Tom’s group of experts first met on February 19, and they’re currently working in subcommittees to draft a new set of accounting rules. After a series of additional discussions and revisions, they’ll deliver in October a set of accounting metrics that a pension fund can use to portray its condition to policy makers and whoever else is interested. The rules will be presented as a report, with the arguments pro and con and test cases to support them. An appendix to the report will show how the metrics developed can be applied to the test systems, to compare with the standard metrics in a discussion of potential policies that might be undertaken for them. The rules will also be presented in a “how-to” document issued as a guide to plan managers interested in the raw implementation details.
Sgouros doesn’t expect the world’s pension systems to change overnight, but getting their accountants and managers to think differently would be a significant start.
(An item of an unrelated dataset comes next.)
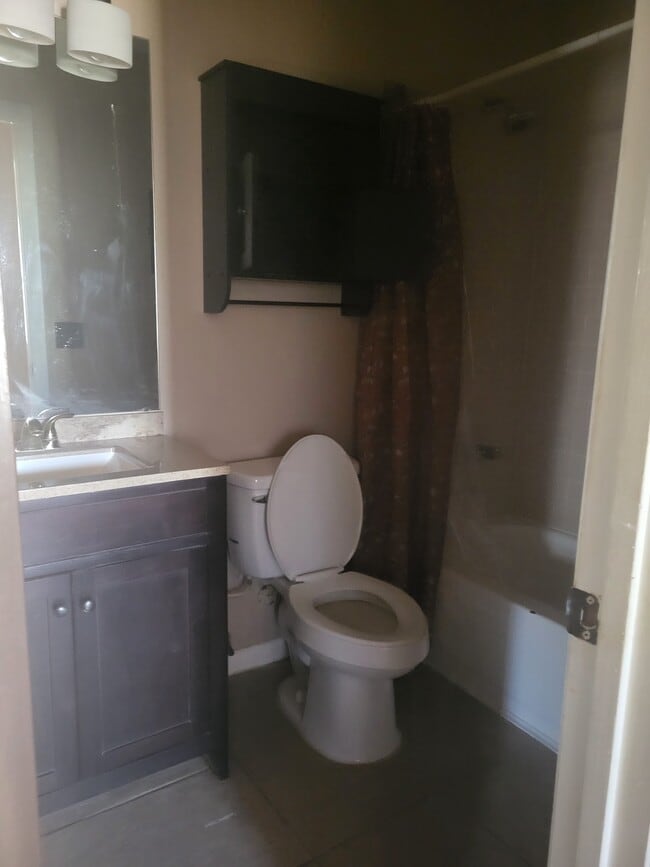 Building Photo - 286 Whitetail Cir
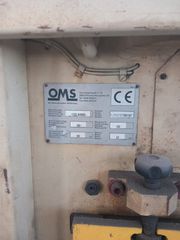ΖΟΥΜΠΟΨΑΛΙΔΟ OMS 5.5KW  2001-thumb-4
“The way the system is set up now,” Tom says, “the only way for pension systems to redo their numbers is to admit they did things wrong two years ago, but they didn’t necessarily do it wrong! They made a perfectly defensible bet on seven, and things came up snake eyes. But if they’re able to think like a data scientist about what they’re confident about, it’ll be a big step forward. If that’s all that this project provides to the pension world, it’ll be plenty.”